Line in the sand: French far-right MP takes on ex-bullfighter


LE CAILAR, France: If a far-right MP loses his seat in France’s legislative elections on Sunday it may be down to the bullfighting prowess of his opponent, one of dozens of non-politicians inducted into the arena by President Emmanuel Macron.

“I can just see the paper on Monday,” Gilbert Collard of the anti-immigration National Front (FN) said. “The bullfighter dealt the fatal blow to Collard… with a nice drawing of a bull and my idiotic face beside it, along with the lance.”

Collard, 69, faces a skewering in the Gard area by 52-year-old Marie Sara, a willowy blonde who was a rare female bullfighter competing on horseback in the corridas of southern France and even Madrid.

“I don’t want that to happen!” Collard said, addressing hundreds of “patriots” who braved sizzling heat to attend a rally in the heart of the southern Camargue region where bullfighting is an age-old tradition.
“So go and vote, you layabouts!” the lawyer from Marseille jokingly told the supporters.

Sara, handing out campaign flyers in the market at Aigues-Mortes, told AFP: “It’s not like in a (bullfighting) arena, nothing like it. But it’s true it’s a fight–for ideas, for values and also initiatives to carry out.”

She said Collard had “done nothing in five years. I have the dynamism of (Macron’s) Republic on the Move behind me… and total knowledge of the territory since I have lived here for 40 years now.”

Collard is one of just two FN lawmakers in the outgoing parliament along with Marion Marechal-Le Pen, the niece of the party’s leader Marine Le Pen.

The eurosceptic party has been in disarray since Le Pen lost by a 20-point margin to Macron in the presidential vote last month.

Her defeat — following a cringe-worthy TV debate performance — was compounded when Marechal-Le Pen, a darling of the party, decided not to seek re-election.

‘Macron hegemony’

Taking the microphone at the rally in Le Cailar, Marechal-Le Pen, 27, said: “This is a serious situation. We are heading towards a Macron hegemony.”

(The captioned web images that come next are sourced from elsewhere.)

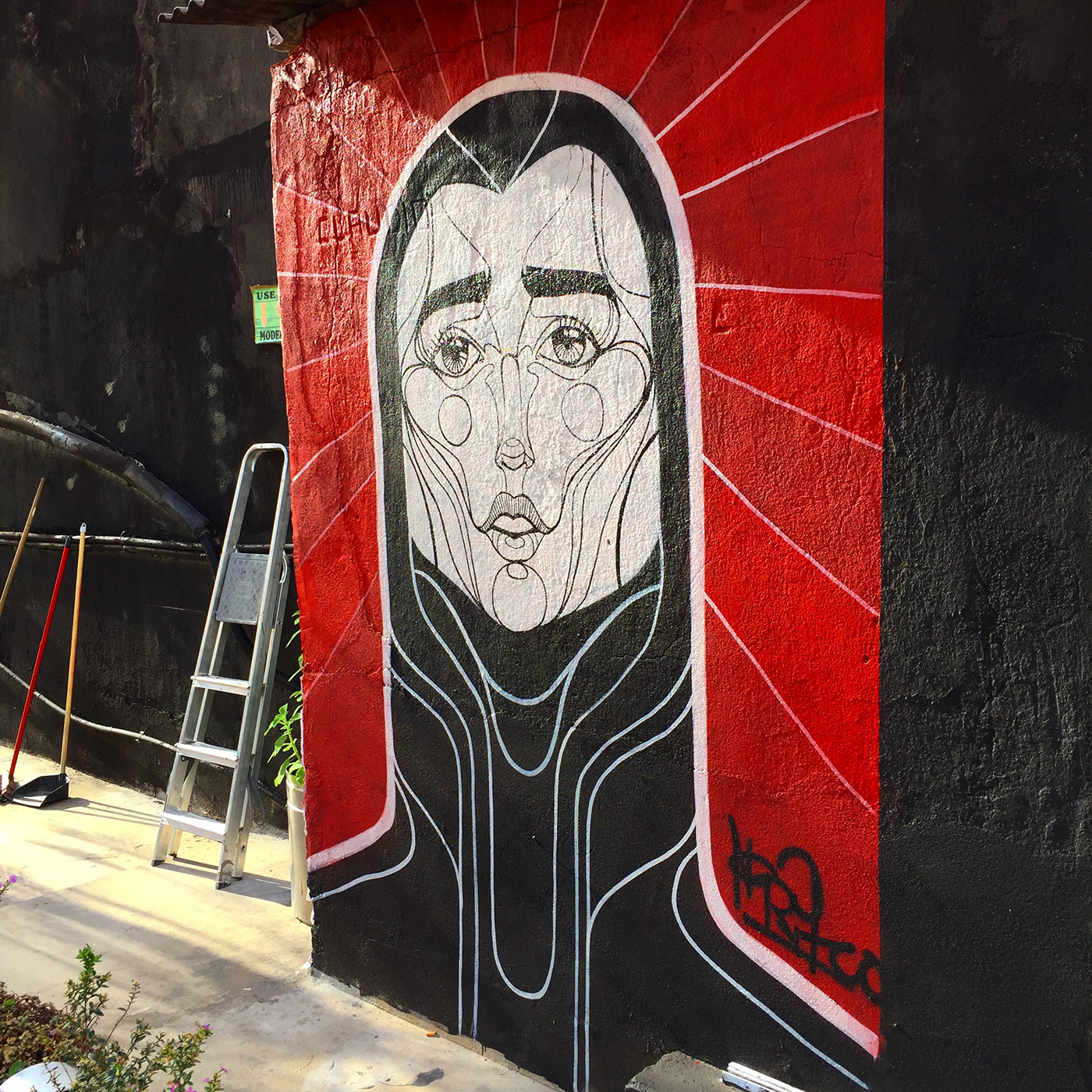 Graffiti woman negritoo colors Mural wallpainting wall grafite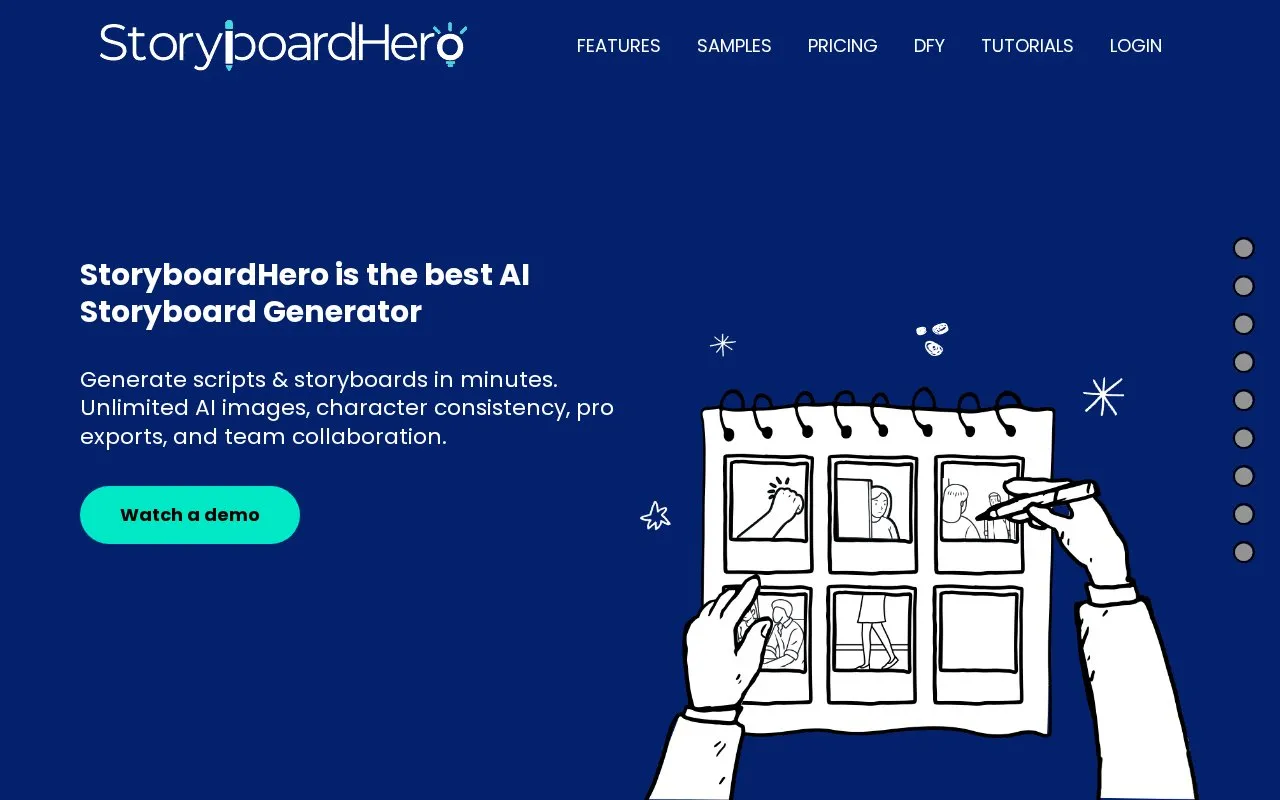 StoryboardHero homepage screenshot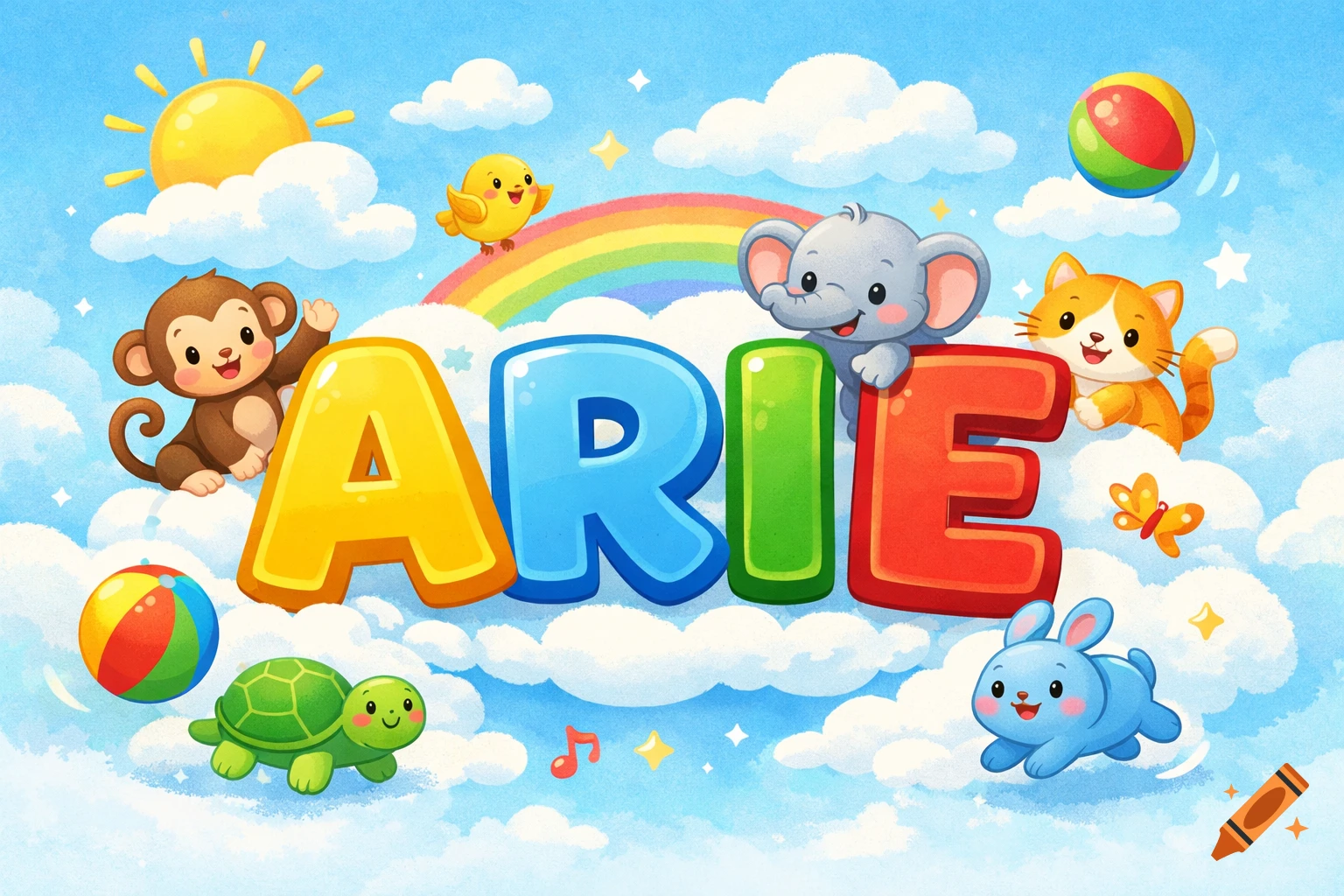 Whimsical children's illustration with cartoon animals like a monkey, elephant, cat, turtle, and bunny around colorful block letters ARIE, amidst clouds, sun, and a rainbow.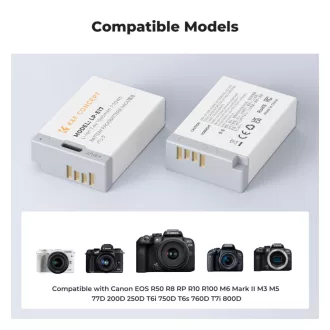  K&F Concept LP-E17 akkumulátor 1040mAh, USB-C csatlakozóval, 2db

Macron’s centrist Republic on the Move (REM) party and its ally MoDem are set to grab as many as 470 seats in the 577-seat National Assembly, dozens more than the 289 needed for an absolute majority.

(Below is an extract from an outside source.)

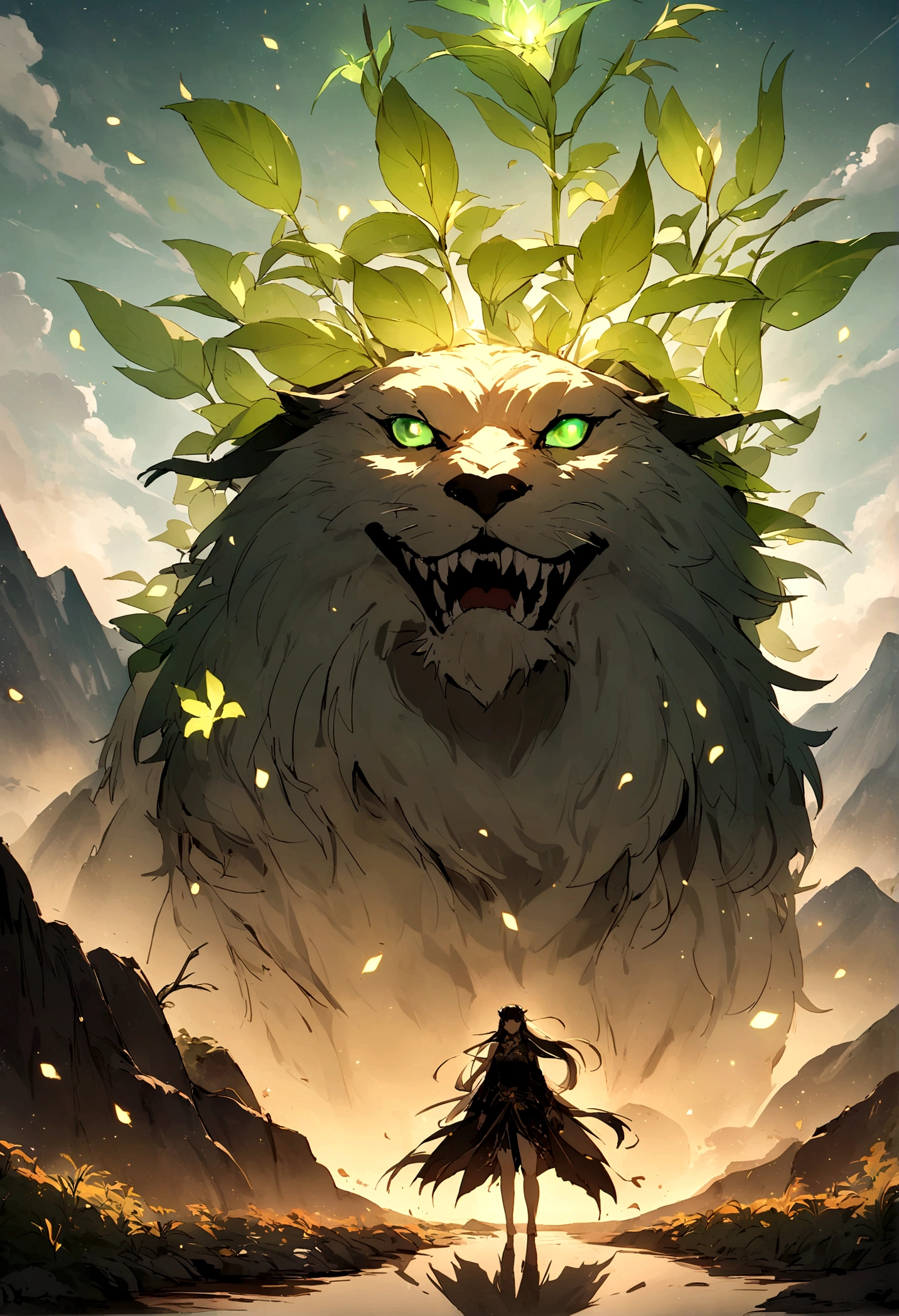 Mountain running beast。Glowing plants,Star bright,Mysterious and dreamy,,Chinese style,Immortal World,Xianxia World,nobody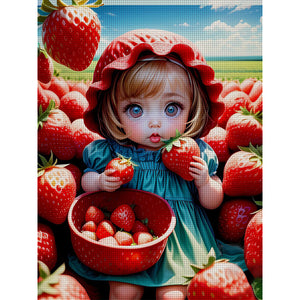 Huancan - Strawberry Shortcake - 45*60CM 11CT 3 Stamped Cross Stitch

To huge applause, Marechal-Le Pen appealed to supporters not to “abandon France to those who want her death”.

The media-friendly Collard had hoped to benefit from Le Pen’s solid performance in a region stalked by poverty and unemployment, where she led the pack in the first round of the presidential election on April 23.
But enthusiasm has waned among the FN’s rank and file.

Collard’s opponent Sara, who entered the local political arena only a month ago, came in second last Sunday with just 50 votes fewer than his score.

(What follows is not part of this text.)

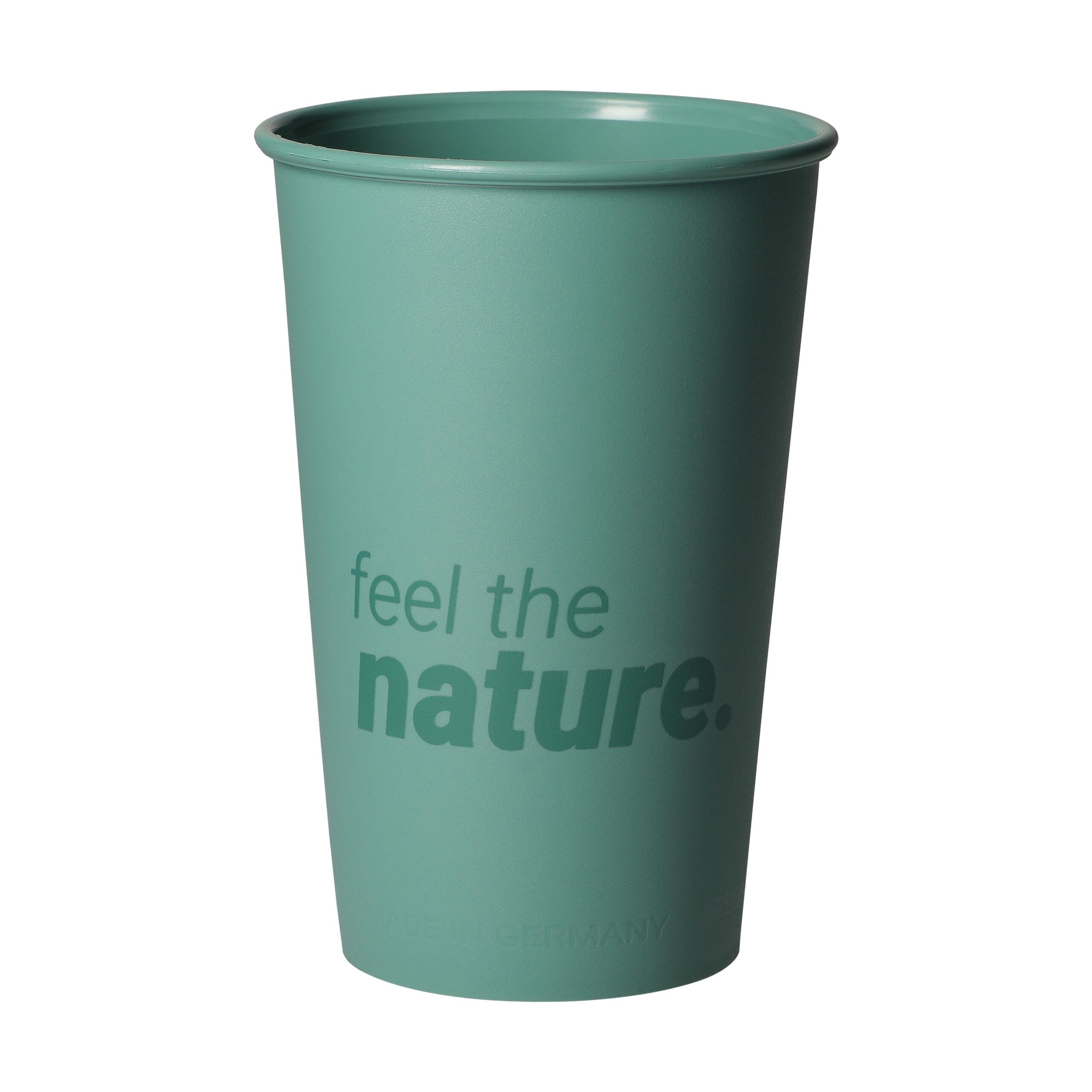 Klassischer grüner Trinkbecher mit Werbeaufdruck Schrift.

Collard attributed the result to record-low turnout — only half of voters cast ballots in the region, the same as the national average.

‘Two-speed democracy’

“A lot of my voters abstained,” Collard told AFP while acknowledging that the FN’s hopes of riding the populist wave that spurred Britain’s Brexit vote and the election of US President Donald Trump had been dashed.

“There was huge disappointment after the botched debate (between Le Pen and Macron), as if reality belied the dream,” Collard said.

“There’s also Marion’s departure, which is causing real sentimental suffering. Also, here, a lot of people thought I would be elected in the first round so they didn’t come out to vote.”

The FN fared badly in Sunday’s polling, when it won about 13 percent of the vote, which is expected to translate into no more than 10 seats.

It had hoped to get at least 15 seats which would enable it to form a parliamentary group and help set the National Assembly’s agenda.

“It’s the fault of the electoral system,” said pensioner Claud May, 65. “It’s a two-speed democracy.”

But his 64-year-old wife Anne holds out hope. “I’m all in for the FN and I’m sick of migrants, of foreigners to feed for doing nothing,” she said.

In the sun-drenched port of nearby Grau-du-Roi, Christian Cortial, 67, was among those who did not vote last Sunday, and he says he has not decided whom to vote for at the weekend.

“I don’t trust people who tell stories,” he said. “And I don’t like the candidates here. I’ll vote on Sunday but without conviction.”